As I was showering this morning, I heard the cats growling. Now, they growl pretty often at each other in play. But this was really loud. So loud that I shut off the shower to see if they were really growling or if it was in fact the furnace doing something crazy to alert me it was about to explode. When I got out they stopped growling and Mencken walked out of the bathroom.
Rinsed off, put on my glasses and a towel, went into the bedroom to dress.
Mencken is on the bed with his mousey. "Oh, Mencken," I say. "You've done a number on that mousey. It looks like he's falling apart. We should throw that one away and get you a new one from the stash."
I put out a finger to check the damage. Huh. This isn't fluff falling out. Those are REAL MOUSE CLAWS!
I shriek and shiver. I jump.
Mencken is really pleased with his mousey. He proceeds to try and beat it up a little more.
"Ack, NO!" I cry, afraid of disembowelment and blood and severed heads in the am.
I toss him in the red room and shut the door. Cain is now looking at the mousey that Mencken had been hogging and proceeds to take over where I had interrupted.

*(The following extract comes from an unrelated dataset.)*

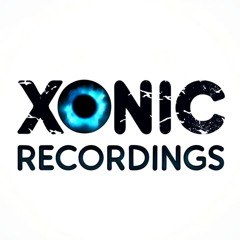 XONIC Recordings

"Stop it!" I pick him up, go to the bathroom and get the largest wad of toilet paper ever. After several attempts I pick up the mouse by its tail and carry it down to the trash. I put the trash out on the back porch.
Yes, I realize that habit helped contribute to this mess.
I feed the cats, free Mencken, give him some praise.
Murder Inc. is in the house. Sugar Cain and Mouser Mencken. I feel like a gun moll. I need a cocktail ring, a martini glass, and a little necklace of their kills.